Two Poems By: Nicola Maye Goldberg

We're transatlantic once again for this week's new writing - two poems by New York-based Nicola Maye Goldberg

DIRTY DANCING

masculinity is perpetually shirtless.

otherwise wears a leather jacket,

black pants. he towers over naive

femininity & mature femininity,

respectively. I am not sure who

to identify with. Certainly I better resemble

naive femininity, with her curly hair,

pale eyes pried open wide.
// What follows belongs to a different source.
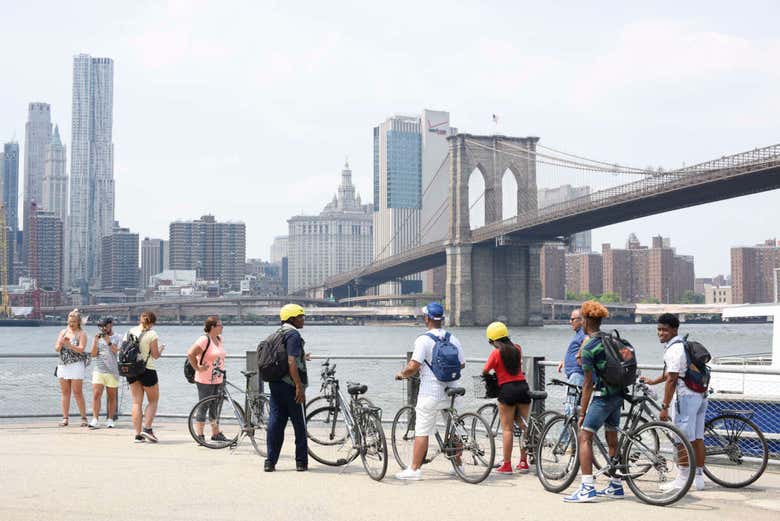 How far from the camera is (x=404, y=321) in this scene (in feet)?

Anyway,

I have never been pregnant, or poor,

or blonde, but I have sat on many

couches with mascara on

my face like an oil spill & I

have screamed at someone who knows

nothing, that they know nothing.

naive femininity leans back against the wall.

it isn’t her fault. purity is repulsive once

you’re the girl on the couch. it’s a corpse

in a sundress, but she looks at

her with pity. we know that

naive femininity is a dead thing

already. masculinity has no idea.

he thinks the movie’s about him.


LUCRETIA II

Comforting to think someone else

might have the words for it – mother,

doctor, lover. The fact of loss.

The fact of hunger. The process by which

the body becomes meat. Bent in half &

backwards. The desire to be desired, which

in turn devours desire. I left my tongue

in your hotel room, but when I went

back everything was clean

& gone. Some part of me still caught

between your yellow teeth. I wasn’t ready.

The idea of sorrow. The concept of blank.


Nicola Maye Goldberg lives in a haunted house in upstate New York. Her work has appeared in Hanging Loose, Sadie Magazine, Forth Magazine, and elsewhere.